--- Material for the task Enclosed Below ---

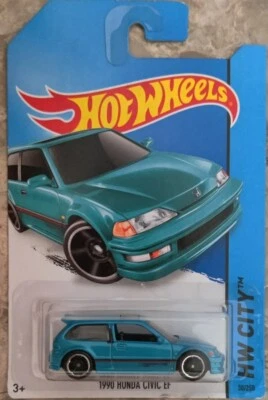 Honda Civic EF 2014 Hot Wheels (1) 1990 verde azulado muy buen estado buena tarjeta Foto 1 de 4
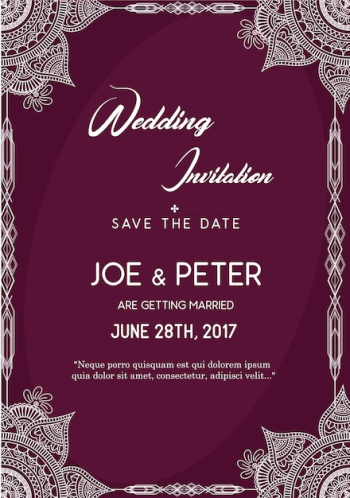 Purple wedding invitation template Purple wedding invitation template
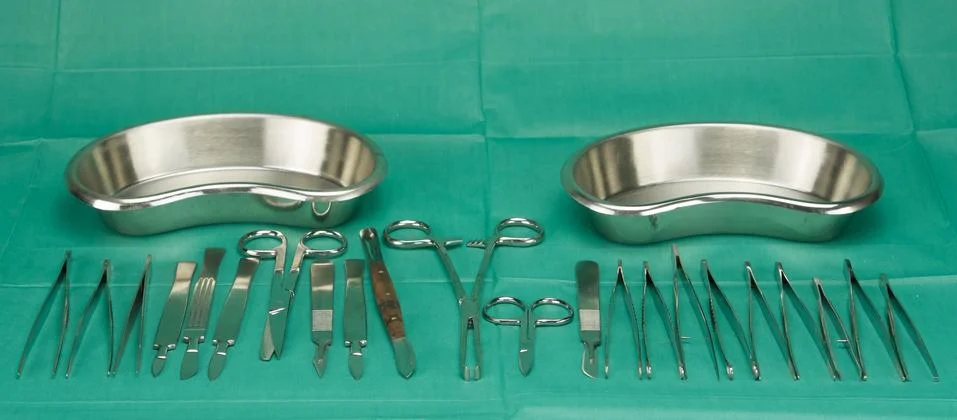 Medical instruments on operating table Stock Photos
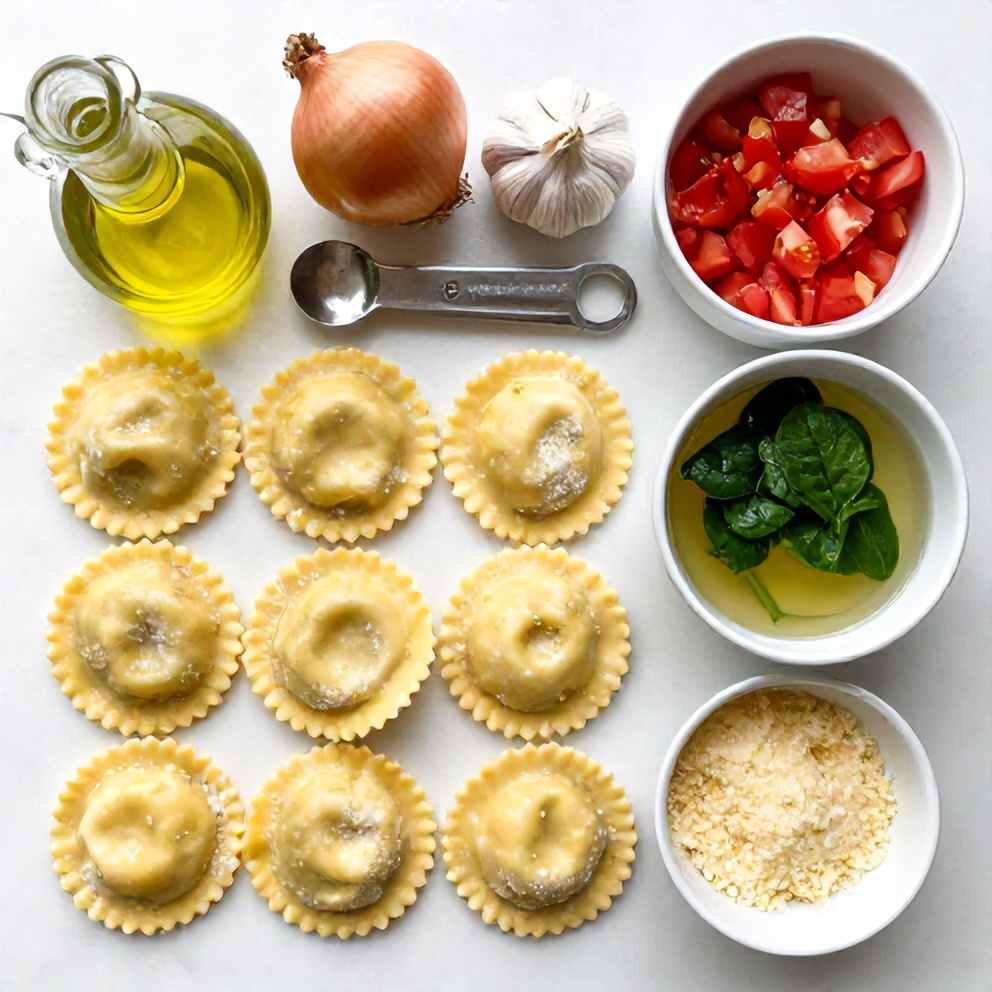 Raw Ingredients for Easy Ravioli Soup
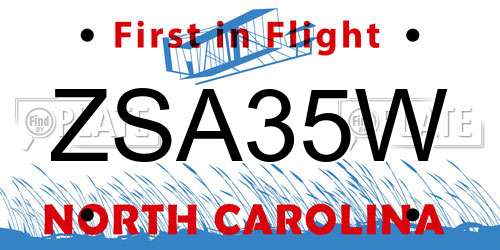 ZSA35W North Carolina License Plate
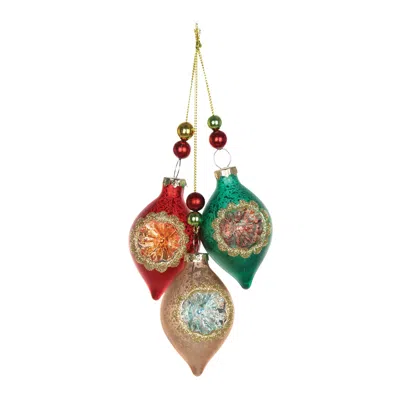 Houzbling Triple Reflector Ornament (set Of 12) 10.5"h Glass In Multi
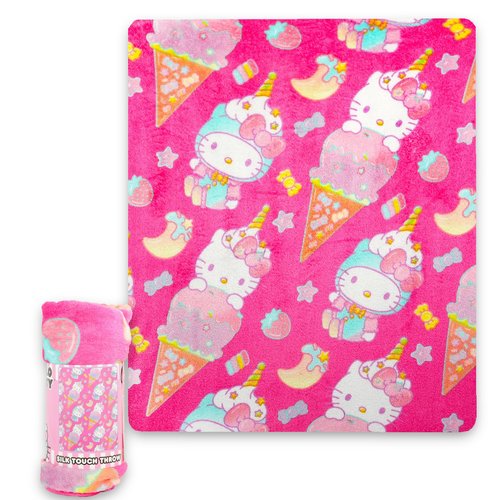 Hello Kitty Throw Blanket Bundle - Hello Kitty Kids and Teens Blanket, Stickers, and More for Girls | Hello Kitty Blanket Size 40" x 50"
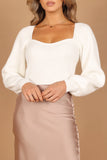 Gia Sweetheart Neck Bell Sleeve Knit Sweater White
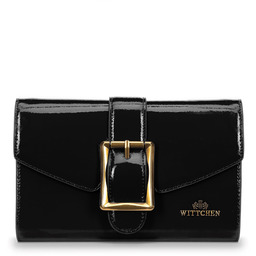 Damska kopertówka ze skóry lakierowanej czarna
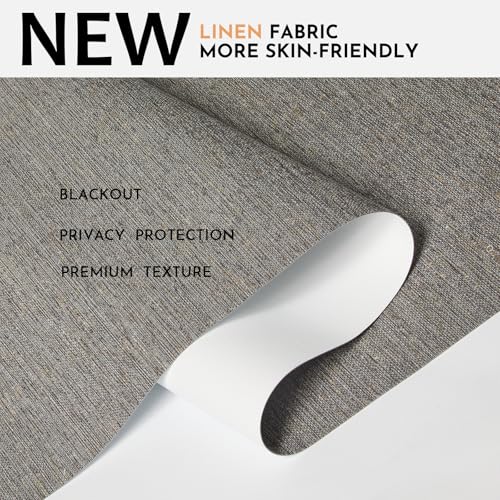 Image of Persilux Blackout Roller Shades for Indoor Window Blinds,Cordless,Linen Fabric,Thermal Insulated Fabric UV Protection Shades for Home,Office,Bedroom,Door,Blackout-Stone Grey,Custom Size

--- End of Enclosed Material for the task ---

Activity | Return only the part above that opens with the line containing "ZSA35W North Carolina License Plate" and closes with the line containing "Damska kopertówka ze", exactly and with both ends, skipping the pictures.

Response below |
 ZSA35W North Carolina License Plate
 Houzbling Triple Reflector Ornament (set Of 12) 10.5"h Glass In Multi
 Hello Kitty Throw Blanket Bundle - Hello Kitty Kids and Teens Blanket, Stickers, and More for Girls | Hello Kitty Blanket Size 40" x 50"
 Gia Sweetheart Neck Bell Sleeve Knit Sweater White
 Damska kopertówka ze skóry lakierowanej czarna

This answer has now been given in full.